10. Multiple event types per topic#

Status#

Accepted 2023-05-11

Context#

Following this ADR in openedx-events, all implementations of event bus must support multiple event types on the same topic. This ADR explains how we will implement this using Kafka.

Kafka offers the following possible solutions, all of which are explained in detail in the Decision and Rejected Alternatives sections:

  1. Use the TopicRecordName strategy in the AvroSerializer

  2. Set the TopicRecordName strategy at the topic level

  3. Use Avro unions

Decision#

To comply with the event bus requirements, we will use the TopicRecordName strategy in the event serializers, which are responsible for registering and validating schemas against the schema registry.

TopicRecordName strategy#

The Confluent Schema Registry stores schemas according to one of three strategies, referring to the identifiers under which the schemas are stored. When an event is serialized using an AvroSerializer, the serializer checks the schema against the registry, looking up the existing schema using the configured strategy. If the new schema is not allowable under the schema evolution rules, serialization will fail.

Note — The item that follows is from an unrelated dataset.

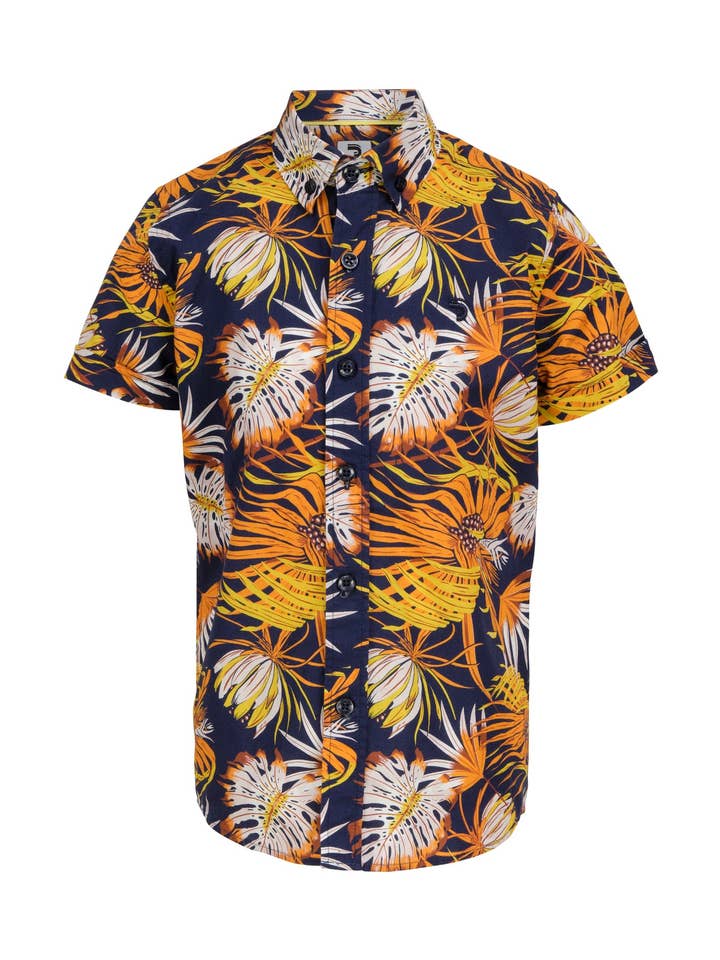 Chemise garçon courtes manches imprimé feuilles pour la vente par J&JOY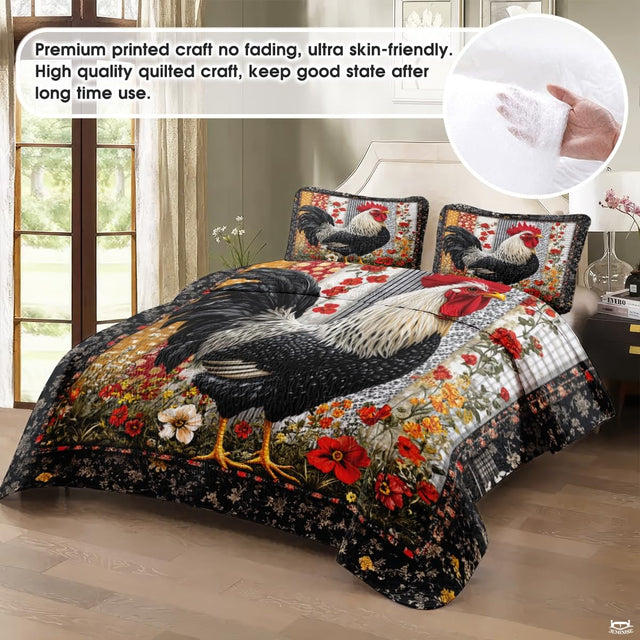 Rooster Patchwork Pattern Quilt Set, Animal Bedding - Chicken Farmhouse Quilt Set Bedspread, Premium Pattern Quilt Bedspread, Rooster Bedding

The default strategy is the TopicName strategy. Under this strategy, the serializer will determine the existing schema by looking for a schema registered as <topic-name>-value (<topic-name>-key when serializing the key), the topic name having been passed in the SerializationContext object. Therefore, if the serializer is given a new event type with the same topic, unless the new event type schema happens to be a valid evolution of the existing one, it will fail.

Using the TopicRecordName strategy, schemas are registered by topic and record name. The record name is set from the schema as <namespace>.<name> (or just <name> if no namespace is provided). On serializing an event, the serializer looks for a schema registered as <topic-name>-<record-name>. For example, given a schema like:

{
    "doc": "Avro Event Format for CloudEvents created with openedx_events/schema",
    "fields": [{"name": "str_field", "type": "string"}]
    "name": "CloudEvent",
    "namespace": "my.event.type",
    "type": "record"
}

and the topic my-topic, the serializer will look for a schema registered as my-topic-my.event.type.CloudEvent and use that to determine if the schema being passed is valid. This means that as long as the namespace is different for the schemas for different event types, the serializer will not error when adding new event types. It will still maintain evolution rules within an event type, however, which is desirable behavior.

Rationale#

Setting the TopicRecordName strategy on the event serializers is a very simple code change that requires no fundamental changes in how we produce events. It still allows us to take advantage of the automatic schema registration and evolution features of the AvroSerializer. Moreover, it does not depend on how the Kafka cluster is hosted and is thus appropriate for the entire community.

Consequences#

  • The record names for each event type will need to be distinct from each other. Originally, they were all just “CloudEvent.” We needed to add namespaces to ensure that they were unique. Note that this will be necessary regardless of which solution we choose.

  • All topics will accept any event type. This will be true even for topics where we only want a single event type.

  • Schema evolution rules will be enforced separately for each event type on a topic.

  • The event-bus-kafka consumer will need to be updated to determine the signal from the message headers rather than taking a signal as a passed argument in the management command. This will also be necessary regardless of which solution we choose.

    • Consumers will continue to use event header details to determine the schema.

Rejected Alternatives#

Setting the subject name strategy on the topic rather than the client#

Some Kafka clusters allow operators to set the subject name strategy on a per-topic rather than per-client basis. This would have the advantage of allowing us to continue to restrict certain topics to only one event type.

Reason for rejection#

This option is only available for locally-hosted or Dedicated Confluent Cloud clusters, and thus not a feasible solution for the whole community.

Using different serializers based on the topic#

We could refactor the code to configure the AvroSerializer differently based on the topic, only changing the subject name strategy when the topic should allow multiple event types.

Reason for rejection#

This would be a significant amount of work and would require some list of which topics accept multiple event types, which would have to be maintained and would reduce the flexibility of the event bus.

Avro Unions#

Avro unions are a datatype representing the possibility of multiple different schemas for a single field or record. They often contain references to other registered schemas. For example, setting a topic schema to [my.signal.CloudEvent, my.other.signal.CloudEvent] would allow events with either the my.signal.CloudEvent or my.other.signal.CloudEvent schema, but no others. This has the advantage of being configurable by topic and allowing greater control over which events are allowed on a topic.

Reason for rejection#

Using Avro unions is currently not feasible because of a bug in the confluent-kafka-python library. It would also require all schemas, not just the union ones, to be created, evolved, registered independently of event-producing code, requiring separate updates to configurations every time a new event type was added to a topic or we wanted to update an event schema. This is because, in order to use unions, auto-registration of schemas must be disabled, which is done on a per-serializer basis. As mentioned previously, all serializers have the same configurations. Changing this would be a significant lift.